**EXERCISE PROMPT:** As an exercise in exact copying, transcribe the lines below from the one holding "Foto c6953b59-cde7-4ee2-99f0-0bf9ad1b3e6f. Casa" through the last, with both ends included and pictures left out.
*** INFORMATION SHOWN ***
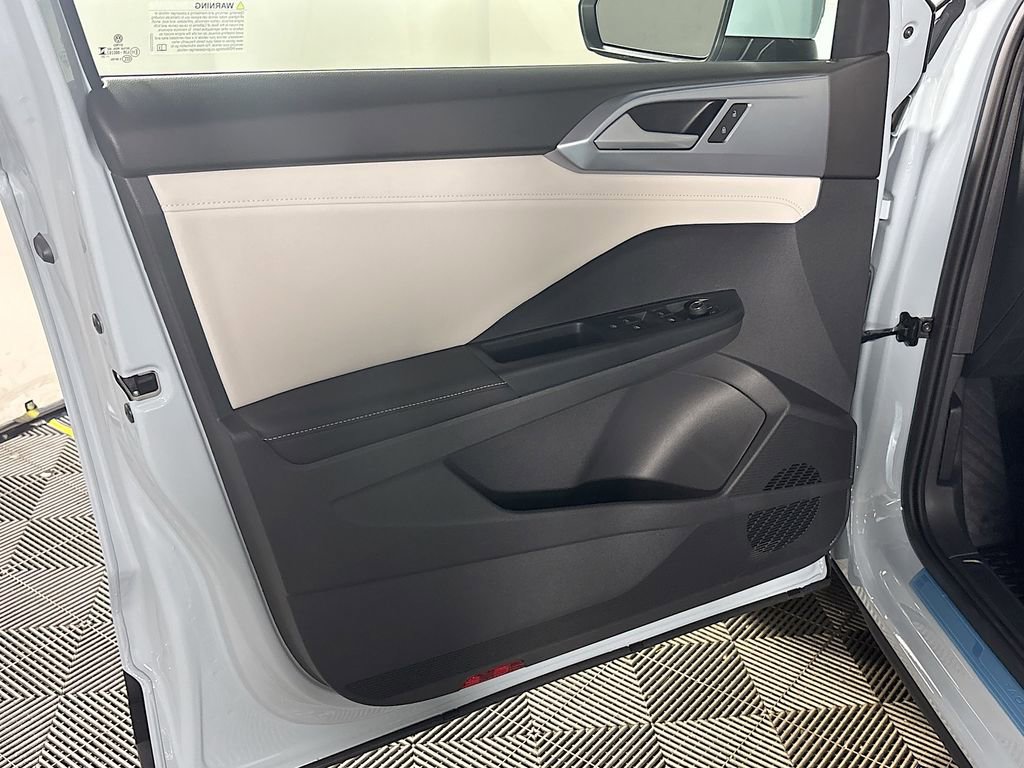 New 2025 Volkswagen Taos SE image 10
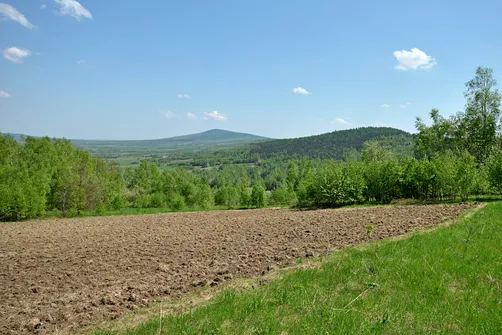 Łysica i Radostowa z grzbietu Pasma Masłowskiego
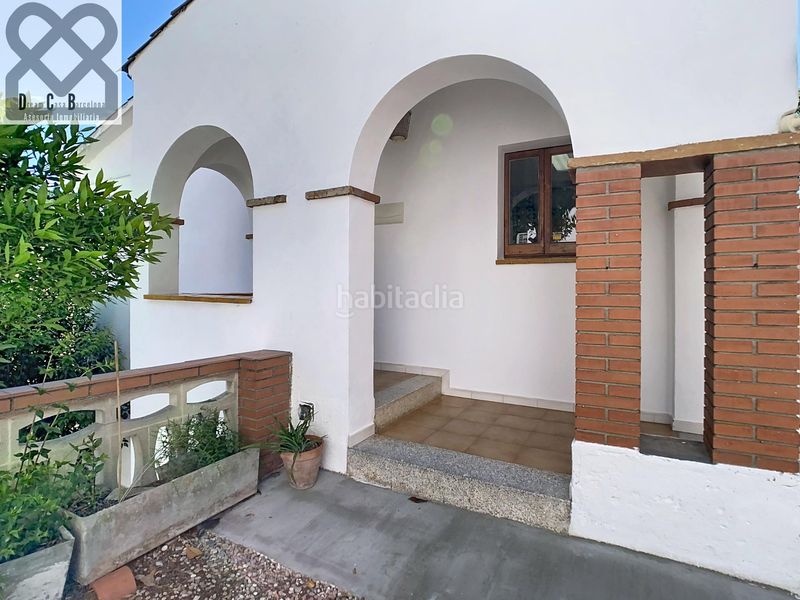 Foto c6953b59-cde7-4ee2-99f0-0bf9ad1b3e6f. Casa amb calefacció aparcament a Corbera de Llobregat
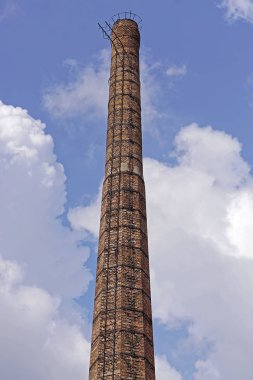 Merdiven ile eski fabrika uzun boylu tuğla baca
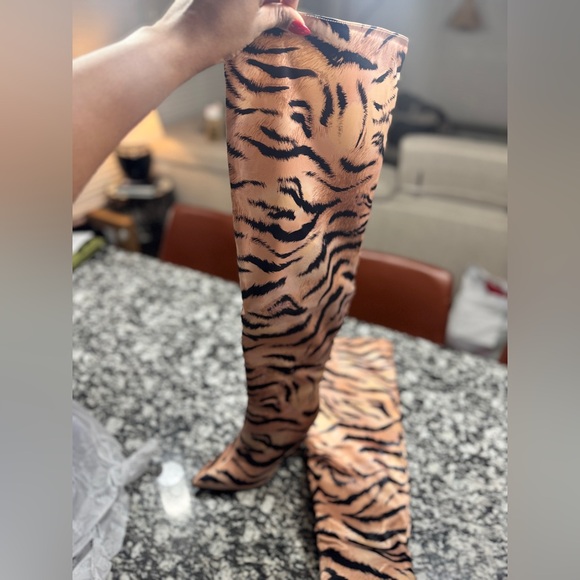 Tiger Print Boots - Picture 2 of 5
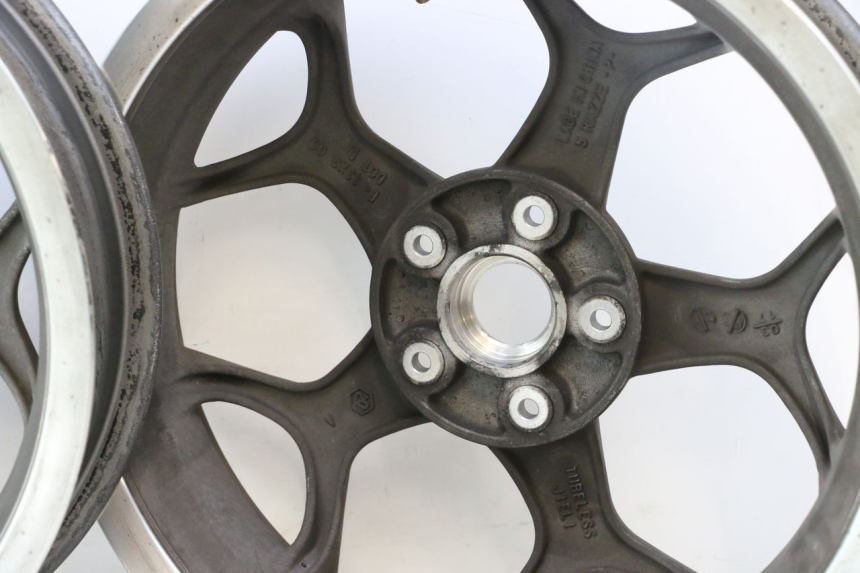 photo de SET VELGEN PIAGGIO MP3 500 (2016 - 2018) - Zoom op componenten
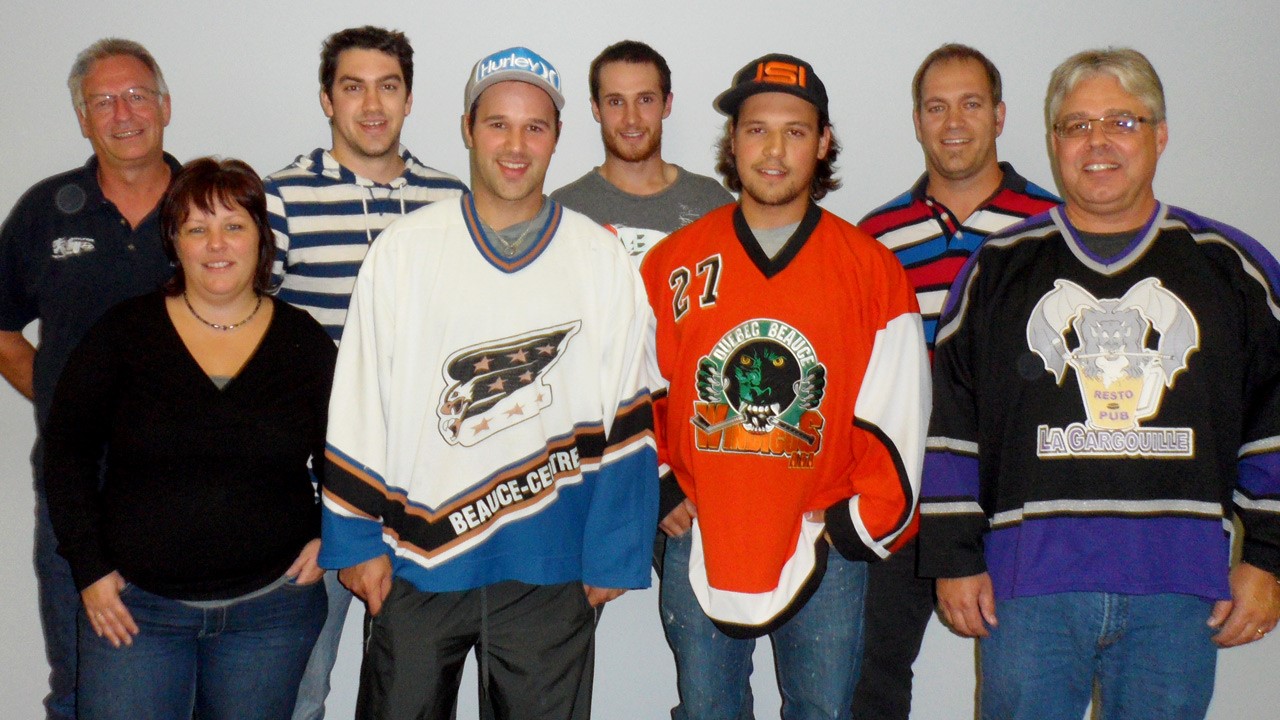 1ere rangée : Manon Roy (East-Broughton), Jimmy Roy (JAVOF), Francois Jolicoeur (St-Victor) et Luc Lessard (East-Broughton)
2e rangée : Marcel Laplante (East-Broughton), Jean-Christophe Chabot (JAVOF), Michael Rodrigue (St-Victor) et Pierrot Lagueux (Commissaire de la ligue)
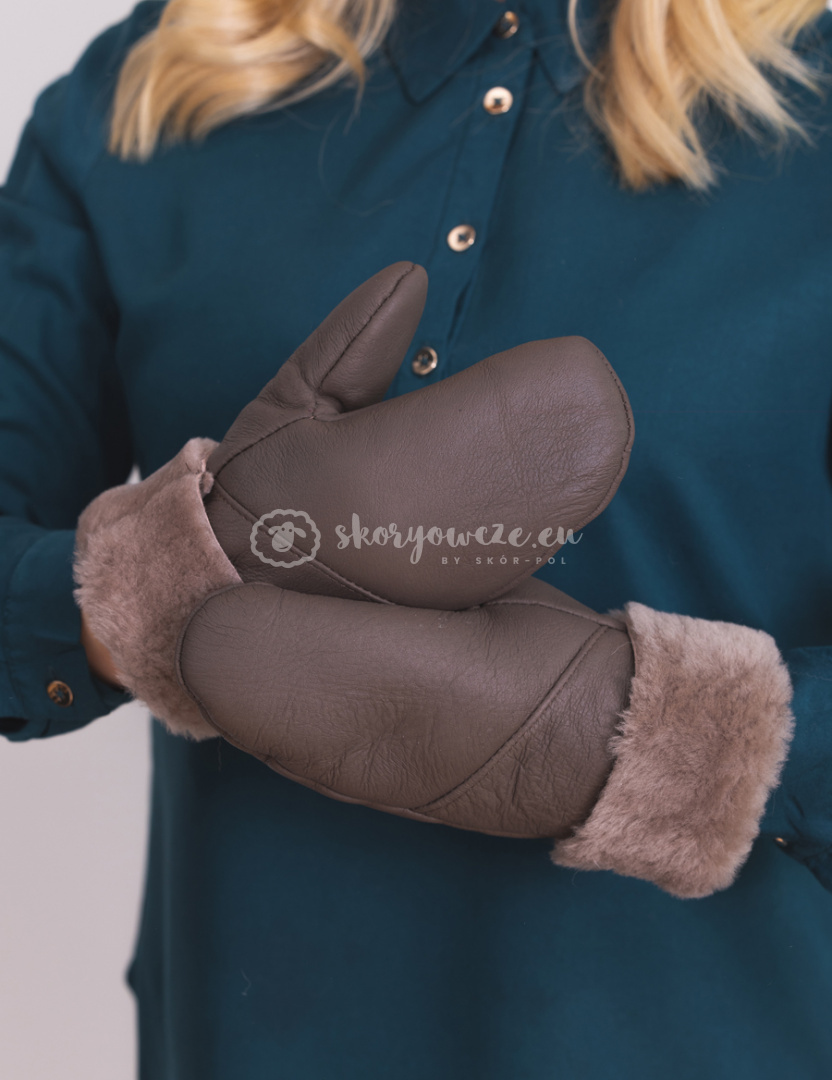 Women's chocolate lambskin mittens Women's chocolate lambskin mittens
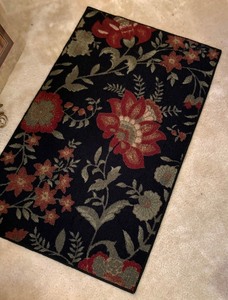 lot 358 image: Floral Design Area Rug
*** End of INFORMATION SHOWN ***
**ANSWER SPACE:**
 Foto c6953b59-cde7-4ee2-99f0-0bf9ad1b3e6f. Casa amb calefacció aparcament a Corbera de Llobregat
 Merdiven ile eski fabrika uzun boylu tuğla baca
 Tiger Print Boots - Picture 2 of 5
 photo de SET VELGEN PIAGGIO MP3 500 (2016 - 2018) - Zoom op componenten
 1ere rangée : Manon Roy (East-Broughton), Jimmy Roy (JAVOF), Francois Jolicoeur (St-Victor) et Luc Lessard (East-Broughton)
2e rangée : Marcel Laplante (East-Broughton), Jean-Christophe Chabot (JAVOF), Michael Rodrigue (St-Victor) et Pierrot Lagueux (Commissaire de la ligue)
 Women's chocolate lambskin mittens Women's chocolate lambskin mittens
 lot 358 image: Floral Design Area Rug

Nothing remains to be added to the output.